The deaths of Matilda de Briouze and her eldest son exposed John’s ruthlessness. A disagreement with King John over debts prompted Matilda’s husband, William, a baron with lands in Normandy, Sussex and Wales, to flee. Matilda was imprisoned along with her son at Corfe Castle in Dorset. They died shortly after their imprisonment.

The idea that a baronial family that had once controlled most of the Welsh borderlands had been high in John’s favour was of some real concern by the other barons. There was a sense from the barons that if this could happen to them, then this could happen to any one of them also. That was when their thoughts of a Magna Carta began to germinate in their minds.

In 1204, King John lost Anjou and Normandy to the king of France. The years that followed saw the ramped-up extraction of taxes, levies and arbitrary fines to finance his aims of regaining those lost territories subsequently the barons saw their coffers diminished and their lands sometimes seized by arbitrary dispossession on orders of King John. By then, the barony was still powerful and really pissed off at their king.

The barons were led by Robert FitzWalter, whose own lands had been confiscated and swiftly granted to the king’s bastard son, Henry. Perhaps that was the last straw that prompted the barons to act. The baronial army seized London in mid-May, leaving King John no other choice but to negotiate the terms of what was simply known then as a charter, or carta, later becoming known as Magna Carta. On June 15, 1215 at a meadow on the neutral grounds of Runnymede while surrounded by angry barons with their armies nearby ready to kill him if he refused to sign the document, King John signed it above his royal red seal made from bee’s wax.

Of the 63 articles contained in the documents, perhaps none resonates as clearly as article 39: “No free man shall be seized or imprisoned, or stripped of his rights or possessions, or outlawed or exiled, or deprived of his standing in any way, nor will we (King John) proceed with force against him, or send others to do so, except by the lawful judgment of his equals or by the law of the land.” The constraints on sovereign power were clearly set.

Did King John honour his commitment to adhere to the promise he made to the barons when he signed the Charter?  Does a chicken have teeth? A month later, King John disavowed it. The barons were back at war with him.

History could have turned out quite differently had King John not conveniently died in the autumn of 1216 with dysentery again thereby leaving the 9-year-old Henry as his heir. It’s really only because of John’s death that this resulted in the Charter being a lasting document. With a child king on the throne, it gave the barons years to entrench Magna Carta as the law of the land before the king came of age. Charter revisions were made in the years following John’s death, the final version dated 1300.
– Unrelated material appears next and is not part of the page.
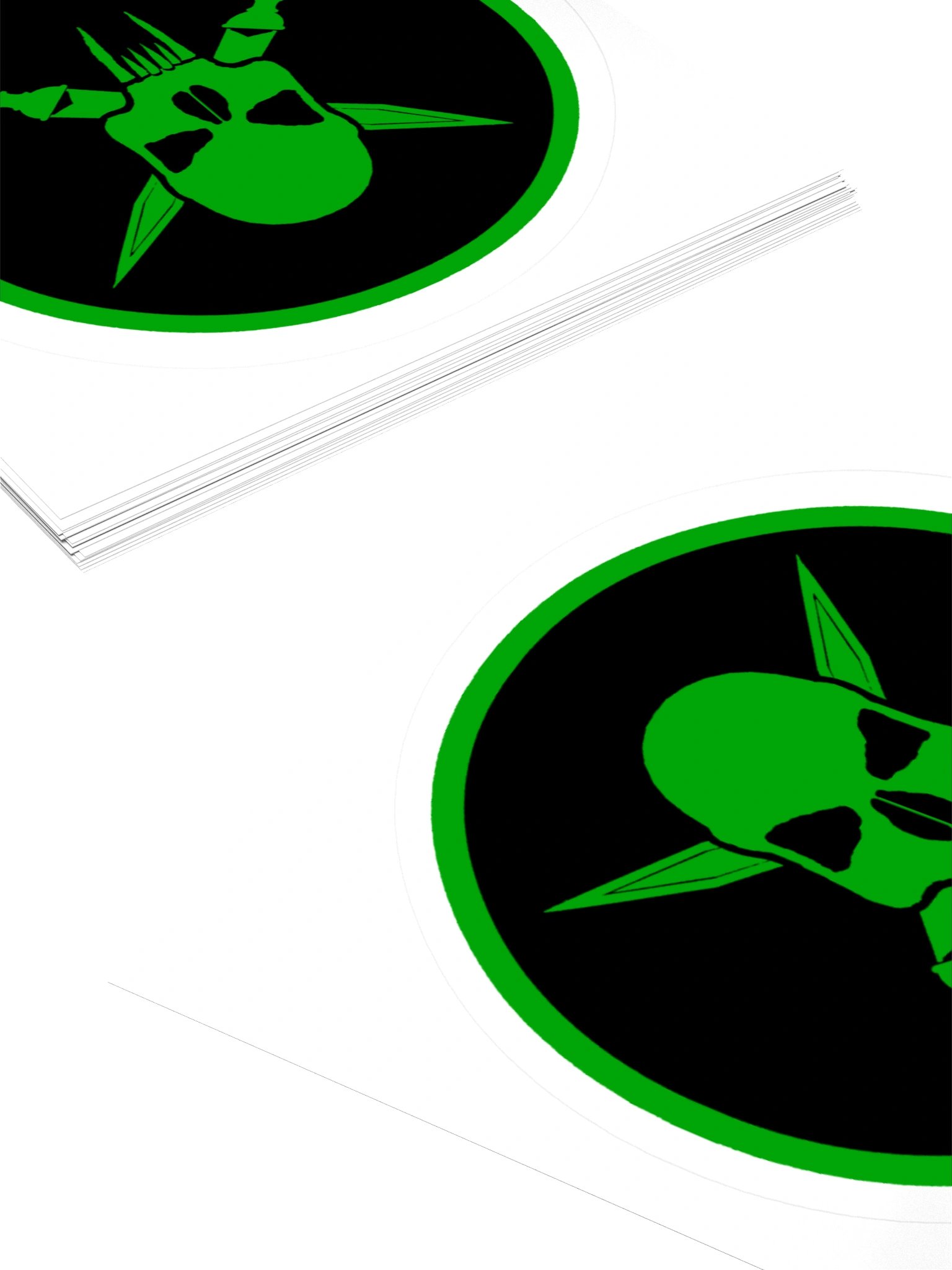 Rappsure Kiss Cut Stickers product image (10)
The irony in all of this is that had King John been a better man, there would be no revolt by the barons and hence, no Magna Carta.

Probably the most important clause in the document was the one that stated; “No free man shall be seized or imprisoned, or stripped of his rights or possessions, or outlawed or exiled, or deprived of his standing in any way, nor will we (King John) proceed with force against him, or send others to do so except by the lawful judgment of his equals or by the law of the land. That paragraph in the Charter was the very foundation of human rights that followed in civilized nations.